Grammar Phobia vs. Grammar Snobbery

Viral.

Definition 1:  relating to a virus, a disease that poisons the system.

Definition 2: relating to any media that circulates widely on the web.

Late April 2016:  a video blog (vlog) from The Guardian earned the “viral” cachet when the presenting editor inferred that grammar rules are made by the white, highly-educated segment of the population, and thus grammar rules are designed to be prejudiced against those who break them.

You can see the vlog here: Grammar Snobbery Vilified

What?  Wait.  Standard English rules are prejudiced?

No.

Actually, what the vlog editor inferred is that grammar helps communication, but some people become snobs when applying the rules.

Look, here it is, in 13 Points.

  1. Communication is both non-verbal and verbal, and verbal means spoken and written.
  2. The audience needs guides to follow communication.
  3. Those guides help the audience “read” spoken and written communication.
  4. The guides became standardized into common rules to assist communication.
  5. Certain rules that actually confuse communication became imposed on the English language. One confusing rule was made famous by Winston Churchill.  About the preposition at the end of sentences, he said, “That is a rule up with which I will not put.”
  6. The common rules became a mark of the highly-educated ~~ they usually were also the wealthy in the established (predominant) culture. Business primarily wants those who present the best image (non-verbal communication) to their clientele.
  7. In order to help those not in the upper echelons of society, the teaching of the common rules became a mainstay of the curriculum. [Originally, rhetoric (communicating to persuade) was the mainstay.]  Thus, the teaching of the rules was designed to assist the lower strata of society escape dead-end jobs.
  8. Imposition of the grammar rules by certain grammar snobs gave grammar phobia to the many who were learning the rules.
  9. We have forgotten that the rules are guides for communication—and that communication creates community through commonality.
  10. Commonality is necessary for community and is not antagonistic to diversity.
  11. Diversity in communication keeps the audience interested.
  12. Too much diversity, however, may obscure communication.
  13. Any communicator’s believability (credibility, ethos) is based on how well s/he communicates.
The Editor from The Guardian :: Does she have the final word on grammar rules? Or will the rules remain to aid communication?

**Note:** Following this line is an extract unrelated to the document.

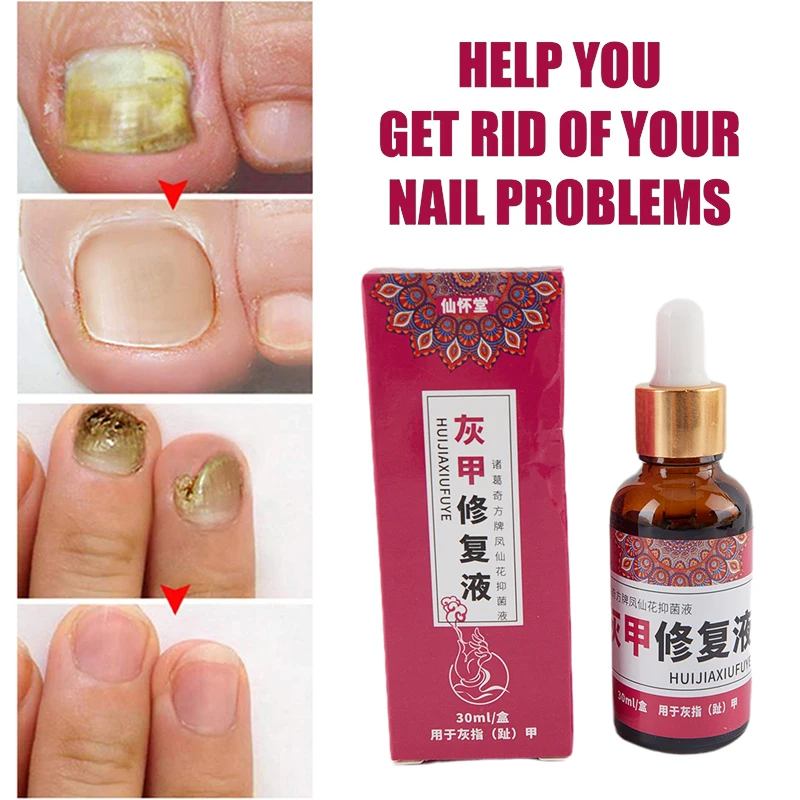 

Paronychia Onychomycosis Nail Fungal Treatment Feet Care Essence Nail Foot Whitening Toe Nail Fungus Removal Gel Anti Infection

Did you notice that the presenter explained her points in Standard English with an upper class accent and fully rounded tones?

Even as she debunked grammar snobbery, she proves she is a proponent of grammar snobbery.

This vlog from The Guardian reinforces the blogs on Writers’ Ink Books:  grammar should not disrupt communication.  We use grammar to increase communication, not to browbeat others.

As writers, we use grammar to manipulate our readers’ impressions of our works.

We can enchant with lyricism.

We can convert with suasion.

We can entertain.

Or we can turn off our reader.

Look at the vlog.  Would you believe this denunciation of grammar snobbery if she broke numerous grammar rules?  Or is she more persuasive because she follows the grammar rules?

Ah, we agree with her that grammar snobbery is wrong even as she disproves her own points.